TASK REQUIREMENTS - Nothing beyond the line containing "4 Pcs Sea Turtle" should be printed; print each line exactly from the first line of the listing below through it.

EXTRACTED INFORMATION -
+-------+
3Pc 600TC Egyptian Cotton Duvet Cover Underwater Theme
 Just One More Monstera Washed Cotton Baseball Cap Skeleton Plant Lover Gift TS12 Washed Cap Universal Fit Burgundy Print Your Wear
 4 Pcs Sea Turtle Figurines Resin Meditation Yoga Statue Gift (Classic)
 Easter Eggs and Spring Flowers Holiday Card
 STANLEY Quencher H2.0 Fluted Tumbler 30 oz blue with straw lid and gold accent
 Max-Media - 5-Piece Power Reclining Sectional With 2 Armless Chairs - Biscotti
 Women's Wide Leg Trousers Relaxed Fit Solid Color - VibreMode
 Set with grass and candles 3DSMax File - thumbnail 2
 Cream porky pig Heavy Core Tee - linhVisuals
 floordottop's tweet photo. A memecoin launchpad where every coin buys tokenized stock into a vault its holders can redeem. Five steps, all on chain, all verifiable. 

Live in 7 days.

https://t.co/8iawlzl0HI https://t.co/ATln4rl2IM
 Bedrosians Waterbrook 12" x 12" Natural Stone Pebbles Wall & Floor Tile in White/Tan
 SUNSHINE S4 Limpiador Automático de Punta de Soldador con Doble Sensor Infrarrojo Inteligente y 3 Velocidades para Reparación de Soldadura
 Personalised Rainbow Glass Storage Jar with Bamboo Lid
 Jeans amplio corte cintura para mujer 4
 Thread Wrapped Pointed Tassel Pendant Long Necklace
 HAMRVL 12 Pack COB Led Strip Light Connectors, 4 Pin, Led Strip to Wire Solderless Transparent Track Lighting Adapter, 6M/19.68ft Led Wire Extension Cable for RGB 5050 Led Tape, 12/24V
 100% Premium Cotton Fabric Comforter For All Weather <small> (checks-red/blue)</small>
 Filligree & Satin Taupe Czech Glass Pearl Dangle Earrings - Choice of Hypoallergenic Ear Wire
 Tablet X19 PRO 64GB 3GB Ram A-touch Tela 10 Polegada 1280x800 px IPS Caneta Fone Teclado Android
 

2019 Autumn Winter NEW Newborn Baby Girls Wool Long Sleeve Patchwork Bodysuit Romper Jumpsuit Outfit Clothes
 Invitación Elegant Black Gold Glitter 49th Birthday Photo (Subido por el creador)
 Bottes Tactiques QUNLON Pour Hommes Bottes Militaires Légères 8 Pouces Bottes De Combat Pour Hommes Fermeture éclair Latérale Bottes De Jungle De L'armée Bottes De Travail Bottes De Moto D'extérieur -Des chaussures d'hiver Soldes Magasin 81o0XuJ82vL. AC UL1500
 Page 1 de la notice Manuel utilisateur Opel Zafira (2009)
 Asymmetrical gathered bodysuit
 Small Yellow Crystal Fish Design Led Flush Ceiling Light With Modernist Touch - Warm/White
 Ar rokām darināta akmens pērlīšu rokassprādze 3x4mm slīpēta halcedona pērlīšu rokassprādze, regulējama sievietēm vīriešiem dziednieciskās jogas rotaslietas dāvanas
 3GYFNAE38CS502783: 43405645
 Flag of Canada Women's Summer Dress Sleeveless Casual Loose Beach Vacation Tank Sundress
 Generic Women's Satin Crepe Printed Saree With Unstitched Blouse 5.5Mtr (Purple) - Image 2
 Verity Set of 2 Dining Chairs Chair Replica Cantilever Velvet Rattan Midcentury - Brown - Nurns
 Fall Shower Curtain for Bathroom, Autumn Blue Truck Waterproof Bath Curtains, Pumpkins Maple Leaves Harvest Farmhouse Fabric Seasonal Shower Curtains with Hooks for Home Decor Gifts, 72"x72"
+-------+
RESULT FOR THIS EXERCISE -
3Pc 600TC Egyptian Cotton Duvet Cover Underwater Theme
 Just One More Monstera Washed Cotton Baseball Cap Skeleton Plant Lover Gift TS12 Washed Cap Universal Fit Burgundy Print Your Wear
 4 Pcs Sea Turtle Figurines Resin Meditation Yoga Statue Gift (Classic)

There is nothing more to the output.